Come ha osservato il consigliere regionale Ncd, Carlo Malvezzi, relatore della legge appena approvata in Lombardia, «è l’assenza di regole che permettano alle lobby di interagire con la politica in modo trasparente, partecipato ed uguale per tutti a rendere i gruppi di pressione sovente un freno per lo sviluppo del Paese, come anche rilevato dall’Ocse in un report del 2010 nel quale si evidenzia come dall’assenza di regole in materia di lobby consegua una perdita di competitività, derivante da una forte compressione della concorrenza tra i diversi portatori di interessi particolari, nonché dall’incapacità di attrarre capitali e investimenti».

Una regolamentazione dell’attività lobbistica esiste ad oggi in 23 Stati, di cui 11 europei, e anche a livello di istituzioni europee si sta affermando una regolamentazione più stringente e vincolante per i lobbisti. Un panorama assai variegato e ricco, che stride con la prolungata inerzia del legislatore italiano, fatta eccezione per la recente approvazione, il 26 aprile di quest’anno, della regolamentazione dell’attività di rappresentanza di interessi presso la Camera dei deputati.

Basteranno le iniziative delle singole regioni a far crescere nel nostro Paese una cultura della trasparenza nella rappresentanza degli interessi? C’è da augurarsi che la nuova legge lombarda venga applicata con puntualità all’attività del consiglio (leggi, regolamenti, atti di programmazione) e che, entro un anno dalla sua entrata in vigore, come previsto all’art.10, anche la giunta regionale si doti di un regolamento in materia.

La legge lombarda prevede che i portatori di interessi debbano accreditarsi presso un elenco pubblico, indicando i nomi dei propri rappresentanti interessati a chiedere accesso agli atti e agli uffici del Consiglio regionale. É previsto, però, un accreditamento automatico per le organizzazioni economiche e sociali maggiormente rappresentative a livello regionale, con particolare riferimento al sistema camerale e ad altri soggetti come Confindustria, Coldiretti o realtà del terzo settore, che hanno già rapporti consolidati e costanti con l’Ente Regione.

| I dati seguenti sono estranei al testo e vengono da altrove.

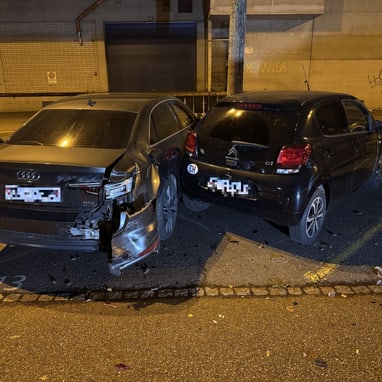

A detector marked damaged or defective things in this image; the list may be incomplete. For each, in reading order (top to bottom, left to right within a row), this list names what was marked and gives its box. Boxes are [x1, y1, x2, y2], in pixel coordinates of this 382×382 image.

damaged audi sedan [0, 94, 195, 276]
broken tail light [276, 142, 312, 175]
crumpled rear bumper [108, 201, 159, 276] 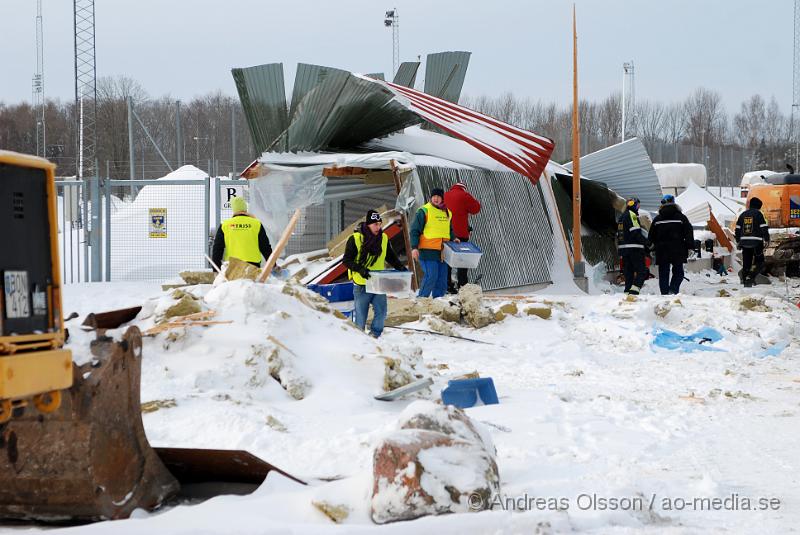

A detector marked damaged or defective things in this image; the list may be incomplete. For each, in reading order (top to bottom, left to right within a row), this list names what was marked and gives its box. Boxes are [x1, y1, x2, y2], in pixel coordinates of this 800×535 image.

crumpled metal panel [231, 63, 288, 155]
crumpled metal panel [276, 70, 418, 152]
crumpled metal panel [392, 61, 422, 88]
crumpled metal panel [424, 51, 468, 103]
crumpled metal panel [564, 138, 664, 211]
crumpled metal panel [416, 168, 552, 294]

In ogni caso, il fatto che nell’assemblea del Pirellone si sia instaurato un clima bipartisan tra centrodestra e centrosinistra sull’approvazione di quel testo di legge (soltanto il gruppo di Forza Italia si è astenuto e i Cinque Stelle hanno votato contro) conferma la volontà trasversale di superare il concetto negativo di lobby per affermare una corretta visione della rappresentanza degli interessi presso gli enti pubblici.